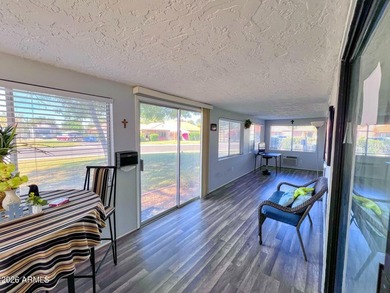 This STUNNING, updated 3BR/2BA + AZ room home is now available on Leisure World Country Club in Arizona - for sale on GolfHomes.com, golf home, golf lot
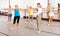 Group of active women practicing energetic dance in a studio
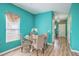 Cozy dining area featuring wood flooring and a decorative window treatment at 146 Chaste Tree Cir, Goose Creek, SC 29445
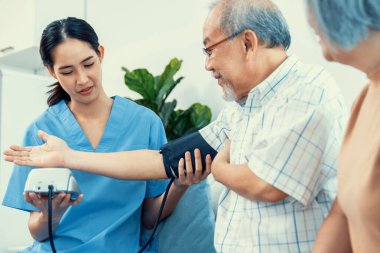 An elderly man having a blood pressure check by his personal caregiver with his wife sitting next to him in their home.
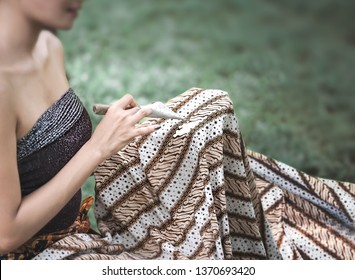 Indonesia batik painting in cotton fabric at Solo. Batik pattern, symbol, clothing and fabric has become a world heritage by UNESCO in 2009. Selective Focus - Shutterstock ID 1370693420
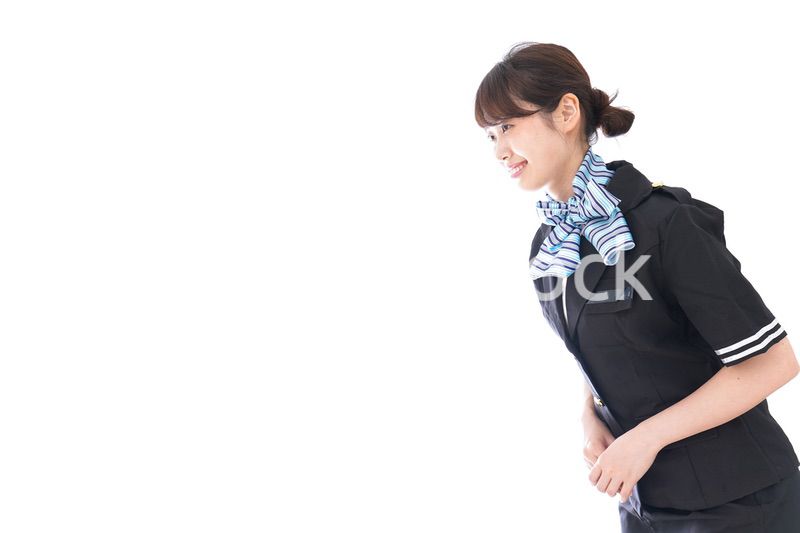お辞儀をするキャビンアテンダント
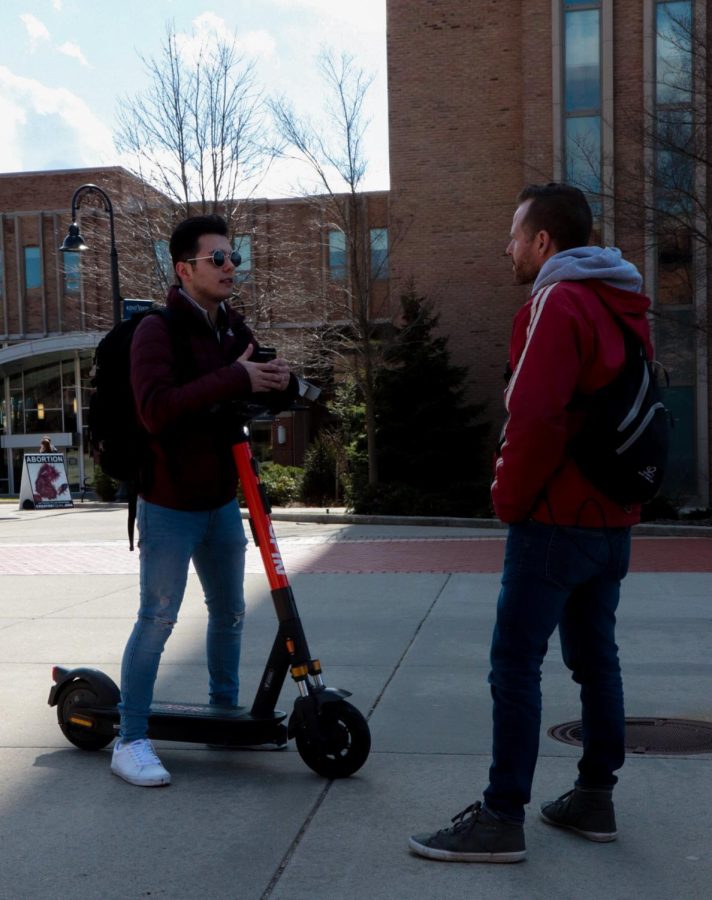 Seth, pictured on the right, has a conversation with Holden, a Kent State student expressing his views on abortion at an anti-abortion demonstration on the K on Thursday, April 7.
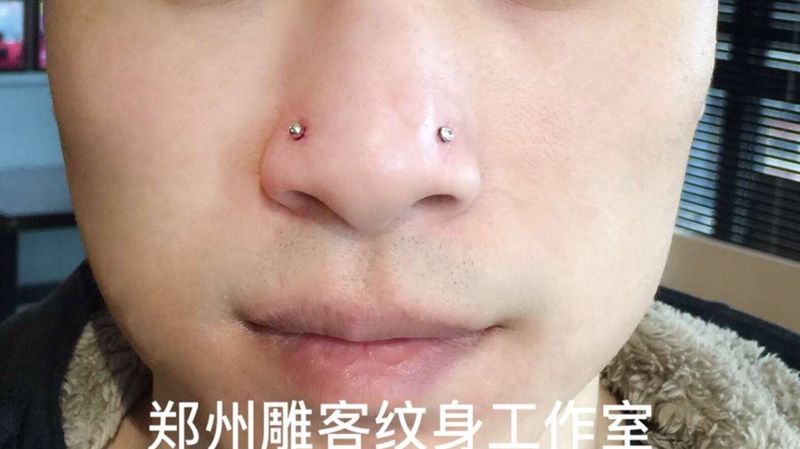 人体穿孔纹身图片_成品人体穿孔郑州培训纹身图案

--

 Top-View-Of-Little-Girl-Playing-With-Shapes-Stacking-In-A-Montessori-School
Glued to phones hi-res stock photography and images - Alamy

Exercise
In the listing above, find the line with "お辞儀をするキャビンアテンダント" and the line with "人体穿孔纹身图片_成品人体穿孔郑州培训纹身图案". Set down exactly those lines and everything between them, skipping pictures.

Problem solution
お辞儀をするキャビンアテンダント
 Seth, pictured on the right, has a conversation with Holden, a Kent State student expressing his views on abortion at an anti-abortion demonstration on the K on Thursday, April 7.
 人体穿孔纹身图片_成品人体穿孔郑州培训纹身图案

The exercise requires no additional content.